Data listing →
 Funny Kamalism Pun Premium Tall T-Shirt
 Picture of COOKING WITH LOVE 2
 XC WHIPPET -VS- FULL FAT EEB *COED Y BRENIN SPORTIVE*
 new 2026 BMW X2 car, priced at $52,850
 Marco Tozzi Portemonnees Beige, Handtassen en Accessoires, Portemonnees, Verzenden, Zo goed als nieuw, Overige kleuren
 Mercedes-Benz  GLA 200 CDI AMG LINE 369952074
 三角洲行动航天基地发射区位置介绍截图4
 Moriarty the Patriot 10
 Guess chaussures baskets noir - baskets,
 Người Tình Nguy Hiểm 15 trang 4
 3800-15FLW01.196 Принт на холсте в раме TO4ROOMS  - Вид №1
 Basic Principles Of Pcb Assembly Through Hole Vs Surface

What you have to do → From the line containing "Moriarty the Patriot 10" to the last line of the data above, copy each line exactly and add nothing.

Written answer →
 Moriarty the Patriot 10
 Guess chaussures baskets noir - baskets,
 Người Tình Nguy Hiểm 15 trang 4
 3800-15FLW01.196 Принт на холсте в раме TO4ROOMS  - Вид №1
 Basic Principles Of Pcb Assembly Through Hole Vs Surface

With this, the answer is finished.